Tuesday, 3 January 2012

Death at the sales




Seydou Diarrassouba, the teenager from South London stabbed on Oxford Street on Boxing Day in what appears to have been an gang-related incident, and Anuj Bidve, the postgraduate student shot in Salford in the early hours of the same day and whose killing is being treated as racially motivated by the police, were as far apart as you can imagine.
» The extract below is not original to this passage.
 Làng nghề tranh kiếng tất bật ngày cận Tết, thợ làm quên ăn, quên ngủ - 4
One a petty criminal awaiting trial for theft; the other a middle-class Indian with a well-paid career ahead of him.  But their deaths were united in one respect: consumerism.
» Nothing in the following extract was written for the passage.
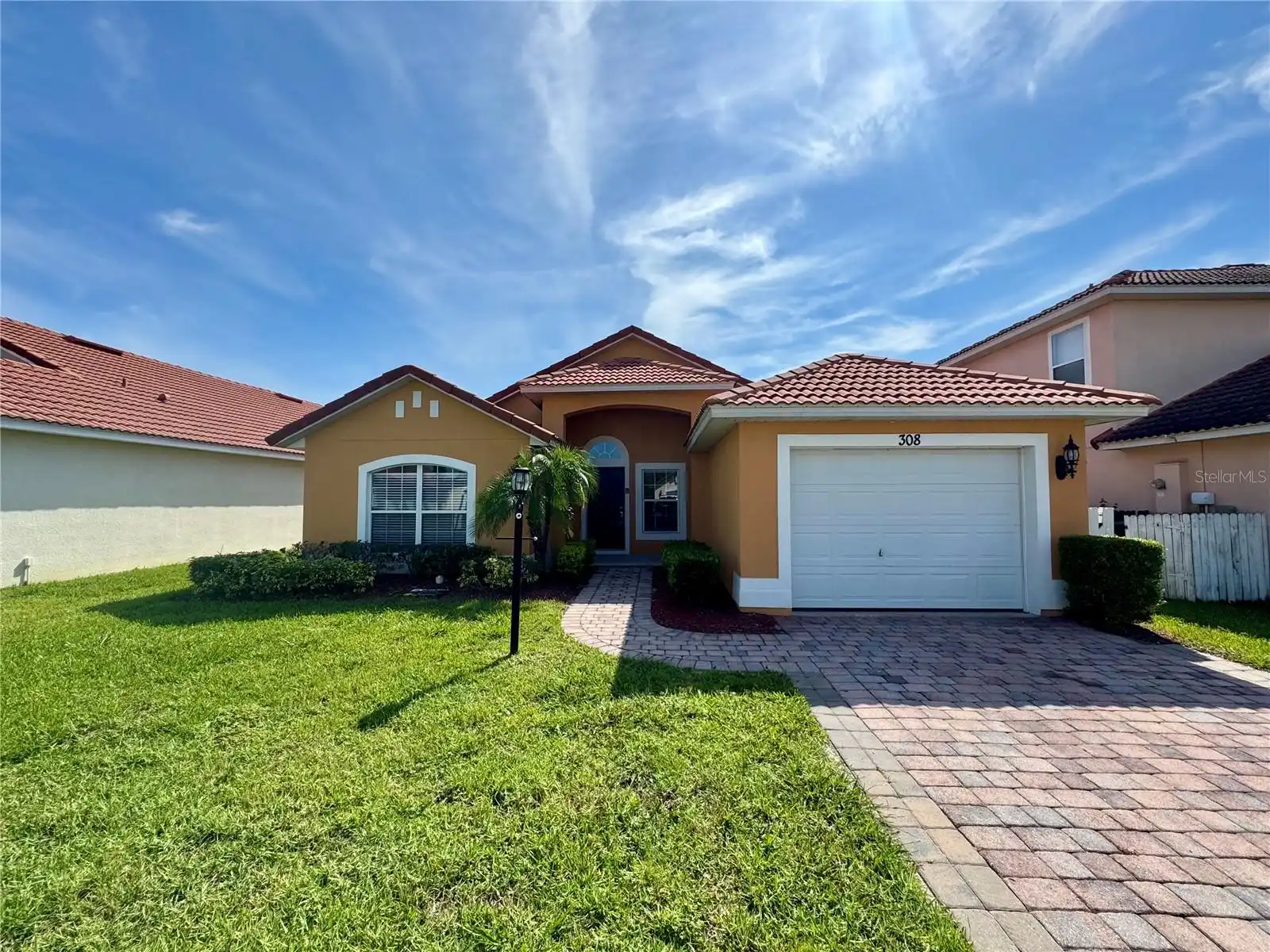 Davenport Real Estate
Both men were killed as a result of the Boxing Day sales: Diarrassouba was stabbed after an argument broke out out in a trainer shop and Bidve at 1.30 a.m. while walking through the Ordsall estate in Salford in order to be at the front of the queue at a shop in Manchester city centre.
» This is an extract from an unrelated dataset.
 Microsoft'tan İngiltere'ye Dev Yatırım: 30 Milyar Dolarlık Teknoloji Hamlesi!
The BBC and other media outlets talked of the "traditional Boxing Day sales", despite them having only started in the last decade.  Politicians also seem confused about whether consumerism is a good thing or not.  Last summer, it was blamed as one of the factors that led to the looting of shops in riots across England. Now, the ability of the British economy to avoid recession is apparently dependent on the amount of money people spend in high street shops.  The supposedly liberal Guardian even ran an editorial blaming the train drivers' union ASLEF for putting "thousands of jobs at stake" after its members struck on Boxing Day over bank holiday pay.